We headed straight for it, passing the massively beautiful, pink tinted Basilica on the way. The idea was to grab a beer there and make our next decision based on how it tasted. Stay for another beer, stay for a night, hike back to the road and keep hitching south - options to be discussed after several sips of the mysterious brew around the corner.
A friendly girl behind the bar greeted us and poured us a couple pints. After some talking with her she began making a phone call, not because my linguistic skills were total dribble, but because I was starting to ask questions only a brewer could answer.
Without anymore hesitation we paid our equivalent of five bucks each for beds for the night in the hostel, finished our beers, stashed our packs in the dorm adjacent to the bar and hit the street to go meet Stefan.

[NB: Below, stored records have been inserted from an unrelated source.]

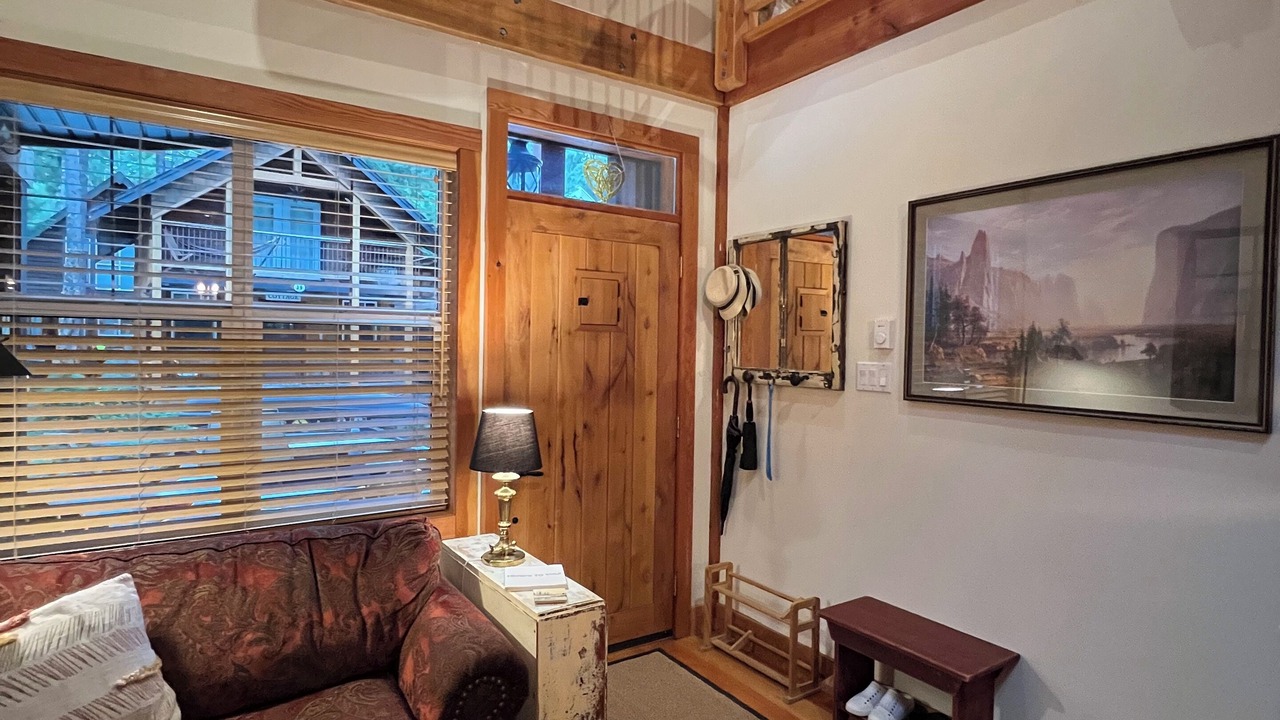 Photo of Livingroom in Shawnigan Lake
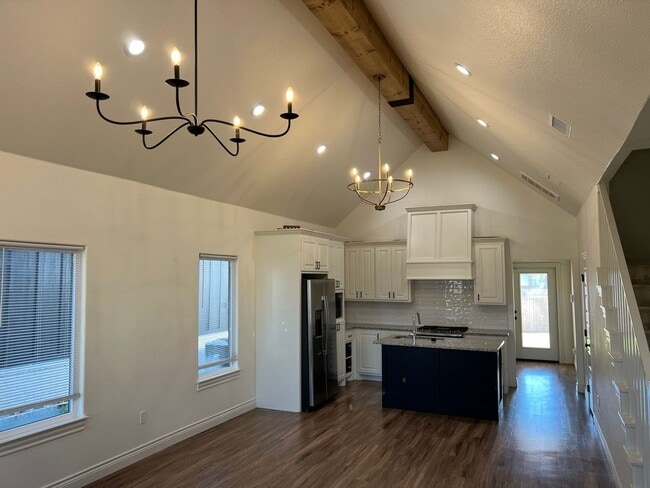 Building Photo - Easy Living with AMRR: Beautiful 4-Bedroom Home Near HEB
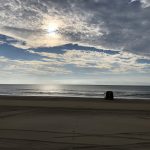 能登半島ドライブの出発点・千里浜なぎさドライブウェイの砂浜を走る車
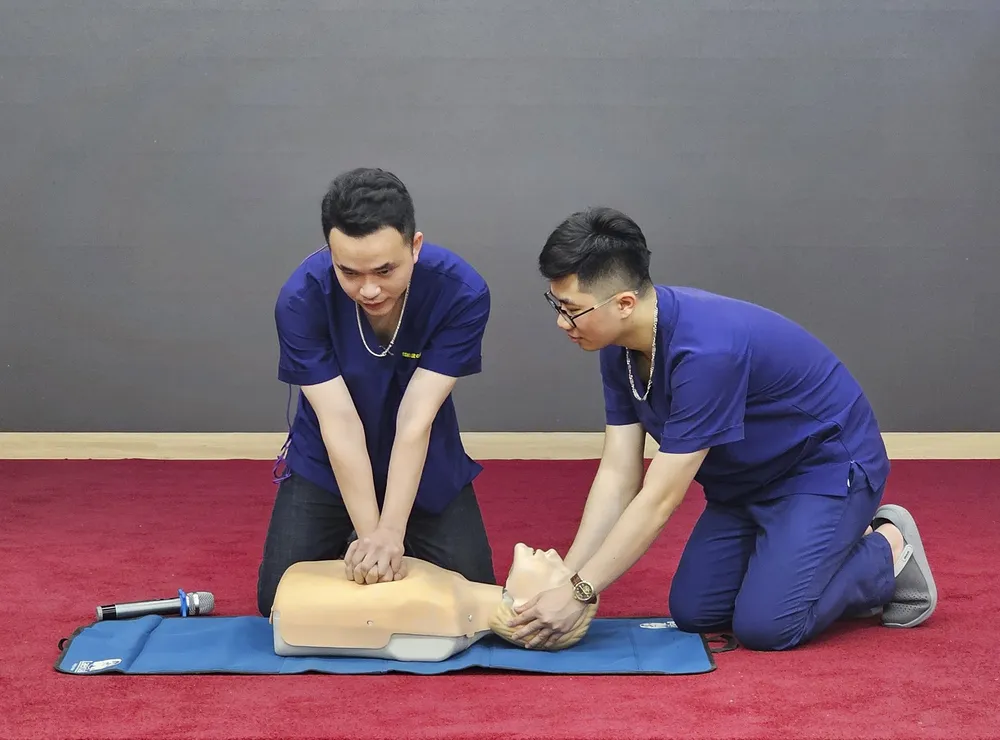 sơ cấp cứu ban đầu 00.jpg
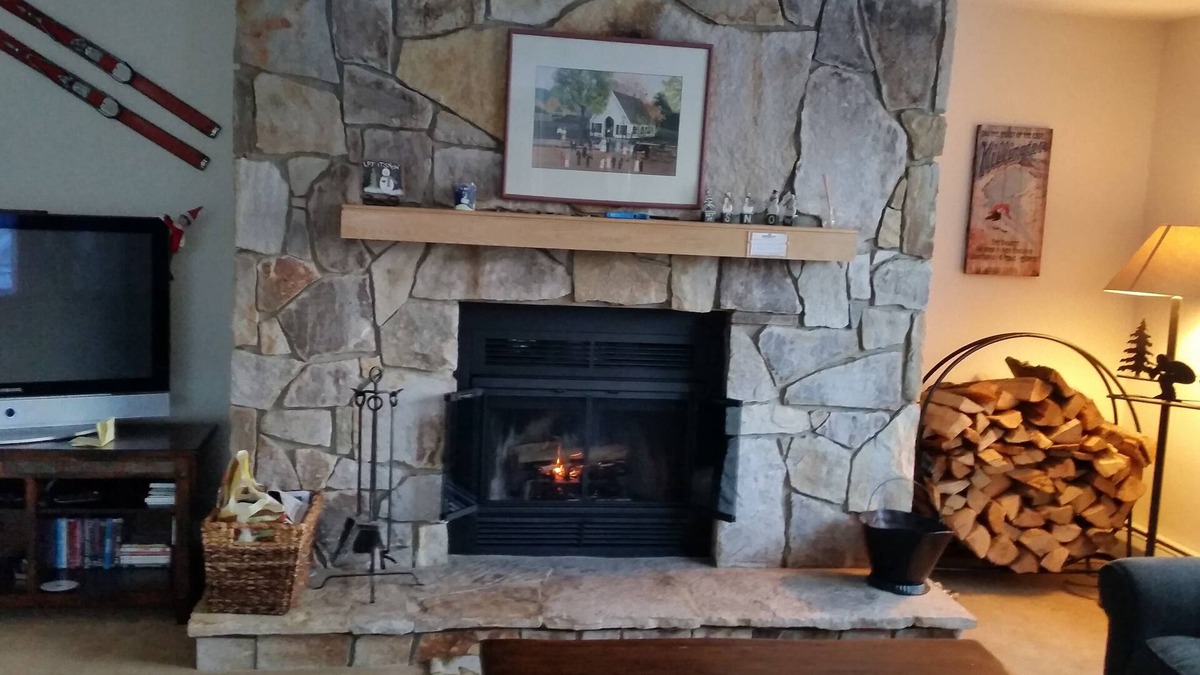 West Dover Condo | Ski In/Out Seasons Mt Snow - 2 bed room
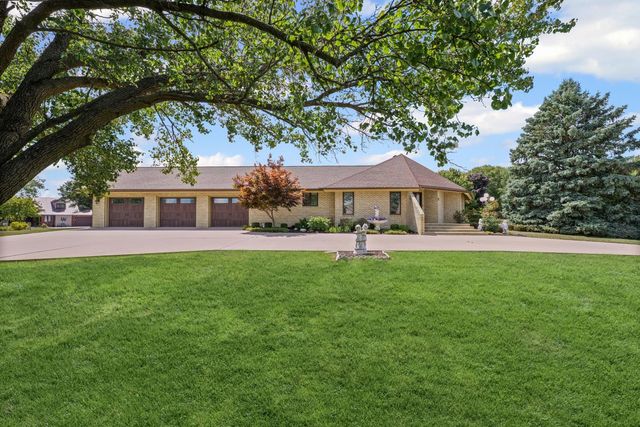 800 Cambridge Drive, Paxton, IL 60957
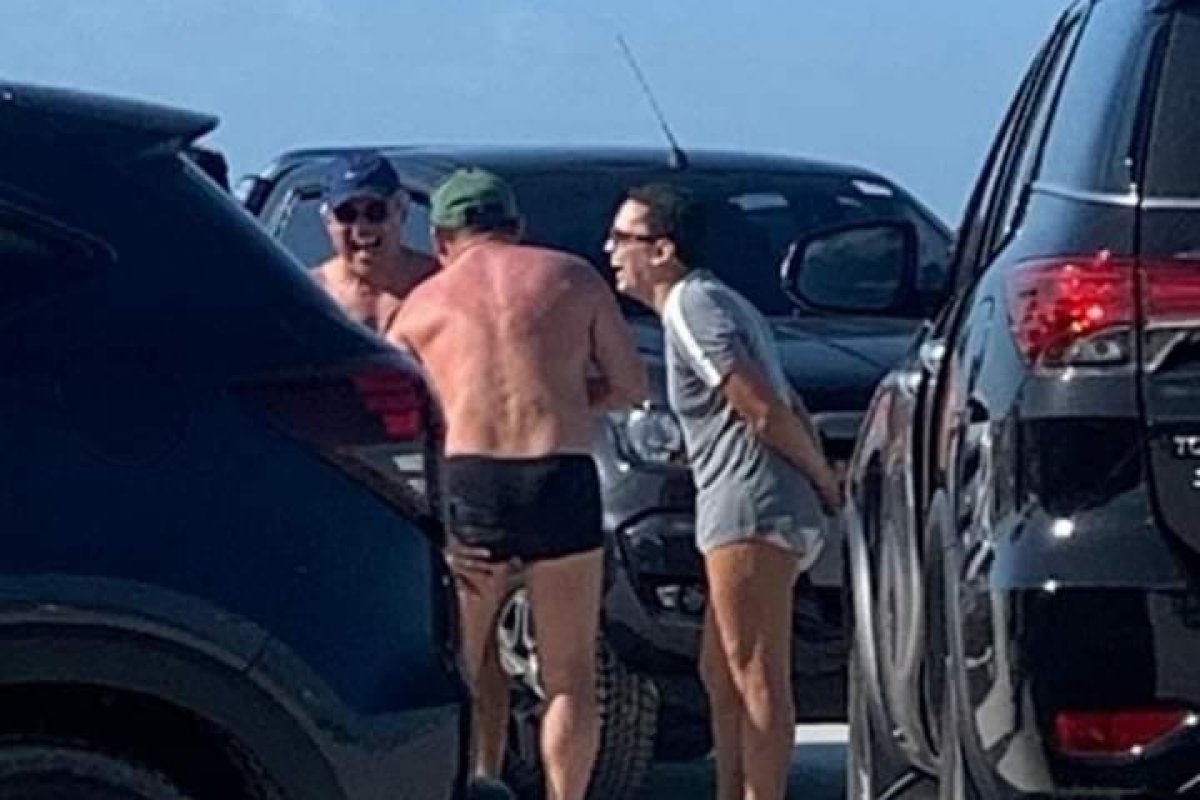 Veja vídeo: Prefeito de Belém e pré-candidato ao pleito municipal são vistos em praia lotada no Pará
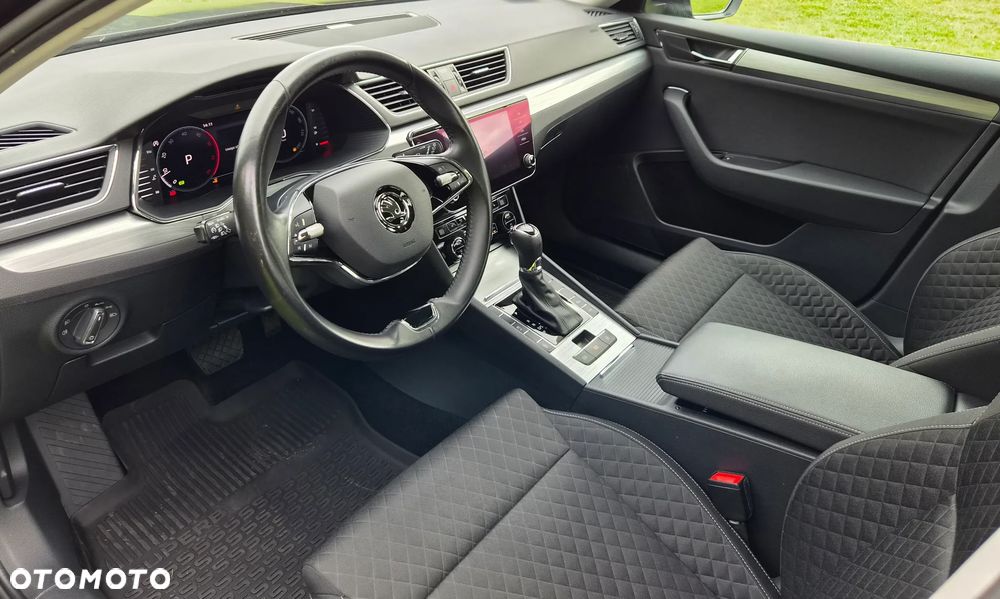 Skoda Superb 2.0 TDI SCR Ambition DSG - 9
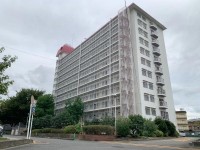 向日市、伏見区、南区の不動産なら<br>センチュリー21ユニバーサルホームサービス向日町店へ！ 南西向きにつき、陽当たり・通風・眺望良好！
２０２４年１１月リフォーム済み！全居室６帖以上！
スーパーやコンビニが徒歩圏内で便利性の高い立地！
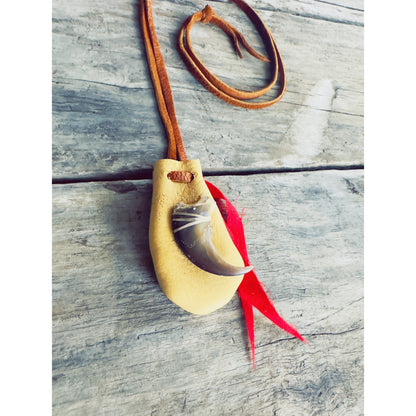 Bear claw medicine bag in genuine moose leather with beadwork, Indigenous handmade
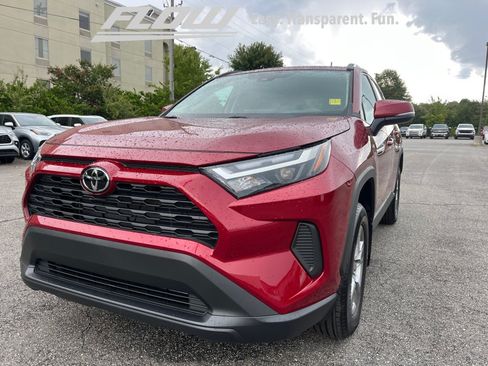 Used 2025 Toyota RAV4 XLE w/ Convenience Package FWD image 28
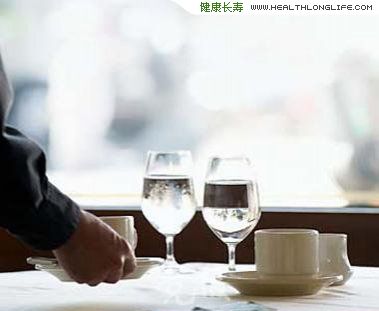 專家解答:餐前喝水可防發胖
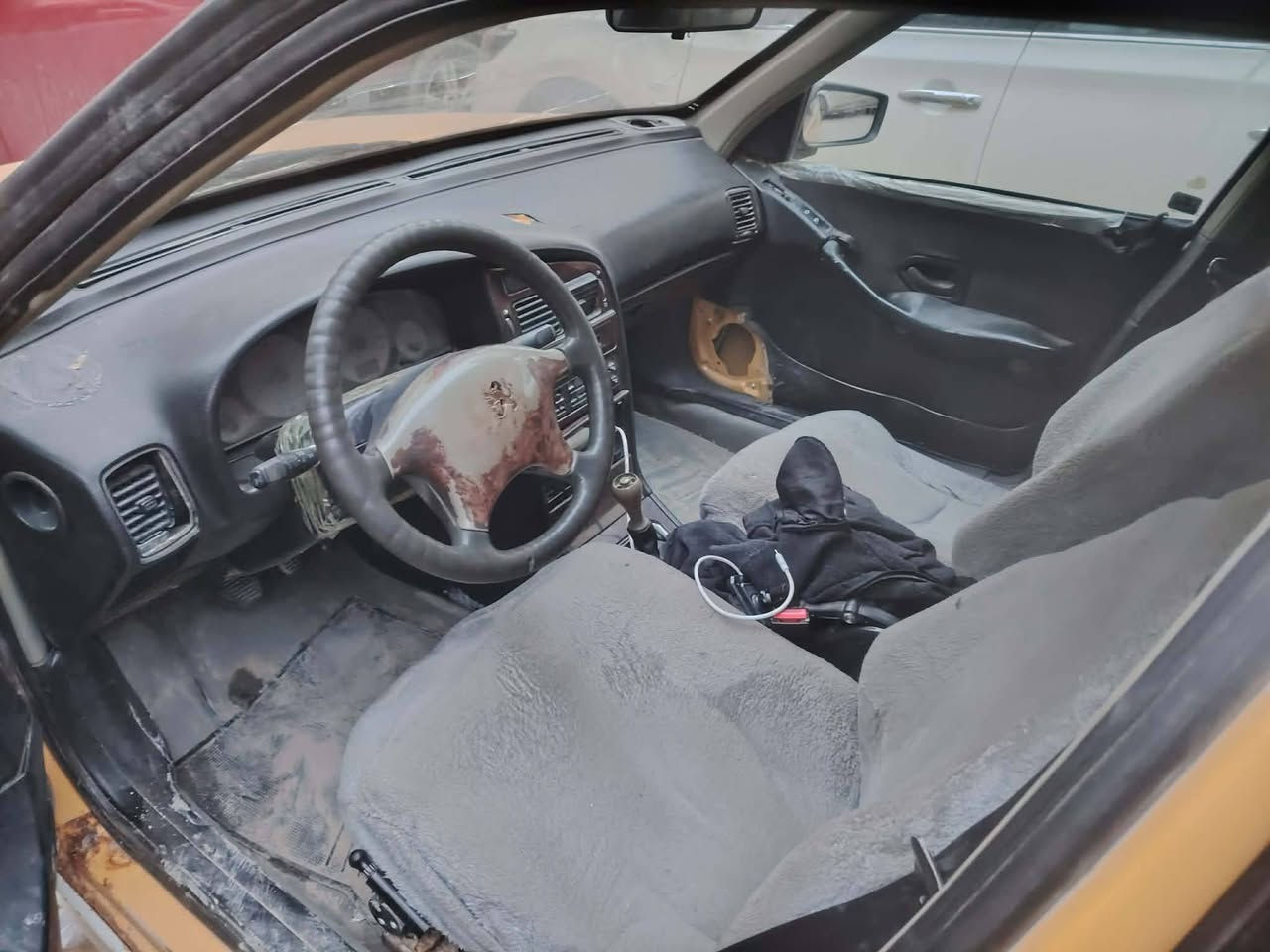 سلام عليكم
سياره بيجو بارص رقم بغداد مصفره هيه وغرامه مديل 11
البيع او مروس حسب القناعه *********** مكان سياره دوانيه قضاء الشاميه
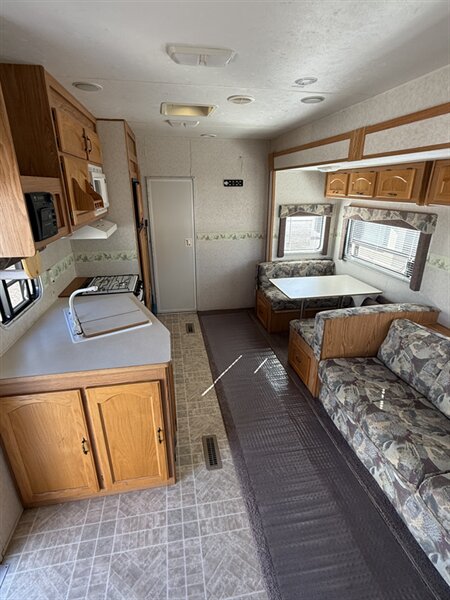 2003 KZ 36SPL, $ 10,900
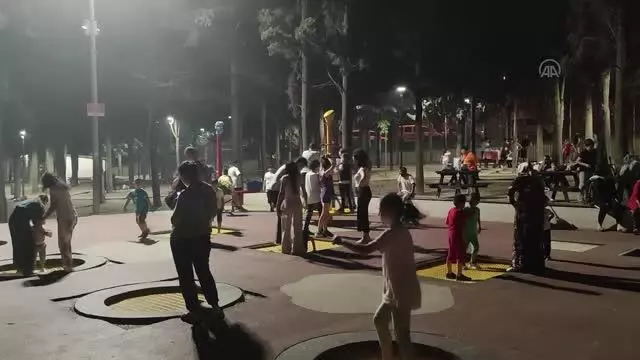 Sıcaktan bunalan vatandaşlar parkları doldurdu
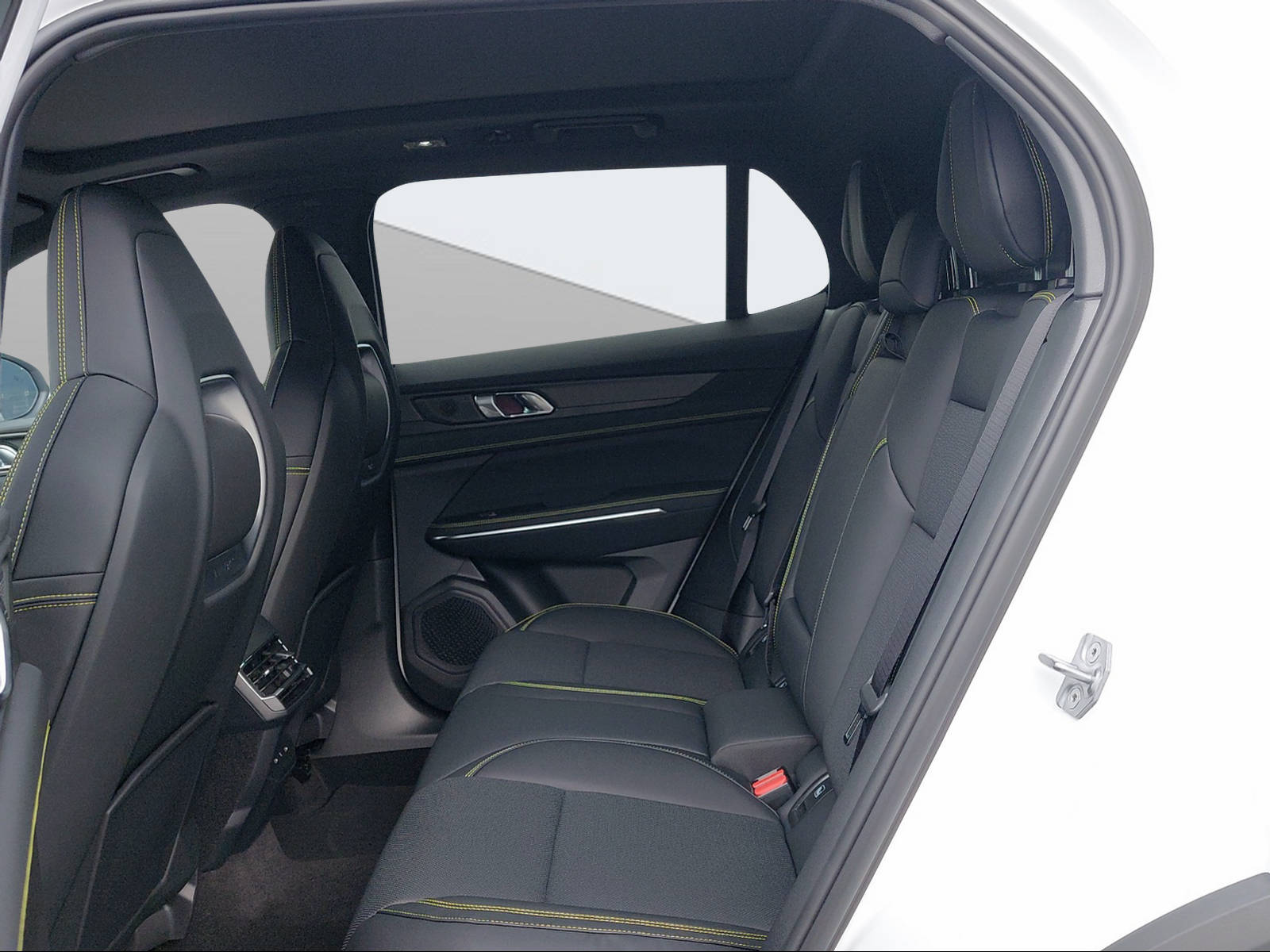 LYNK & CO 01 1.5 PHEV More-image-11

He greeted us at the door of the brewery which was also his home, along with him was a girl, a brewing student who'd just come to interview him. He showed us the modest yet still impressive brew system he'd gotten from Peru, telling us stories about home brewing back in Germany and how the beer scene was very slowly surfacing in South America on a whole. The fact that there was a Colombian brewing student in our midst was more proof of that, but he was still importing hops from the US in creative ways, among other hurdles.
After she pondered that we took a walk out around the cobbled streets, indeed popping inside the Basilica and taking in the feel of the city in a general wander around.
And then back to our taproom of a hostel for a night for the night. Many inexpensive beers went down, Stefan dropped in at one point, we chatted the night away until finally taking the dozen footsteps from bar stools to bunks.
Pipo came in the morning, a local guy about our age who lead all the tours Marilyn had been pondering. The weather was said to be no good to do anything on this particular day, but we arranged to link up the next day and do something fun. For five bucks a night and beers much less than that nearly at our bedside we had no reason to hurry out of Buga.
The next day we rolled with Pipo and another couple to a spot just out of town to a house that was 180 years old where an older couple lived. They let us hike from there past sugar cane and whatnot to some waterfalls. The lot of us swam and leaped around, I even got Marilyn to hold my hand and make a bit of a "cliff jump", something she was generally terrified of and trying to come around on.
Somewhere in the mix Gareth popped on up the steps with his massive backpack, an Australian we'd met at the hostel in Salento. Beer in Australia is even more expensive than the US, so if we thought these Colombian pints were cheap they were simply pennies for him in comparison. It took him about 30 seconds to pay for a bunk and the first of many, many beers for the night.
All and all it was a good last night in town, Stefan even stopped back in and capped our experience in the aptly named oasis of the Holy Water Ale Brewery.
Marilyn and I would finally get on the southbound road the next day, ready for the next Colombian adventure and the border to Ecuador. Adventure indeed, but things were about to get shaken up. Roads wind, fork and split, it's all part of the ride.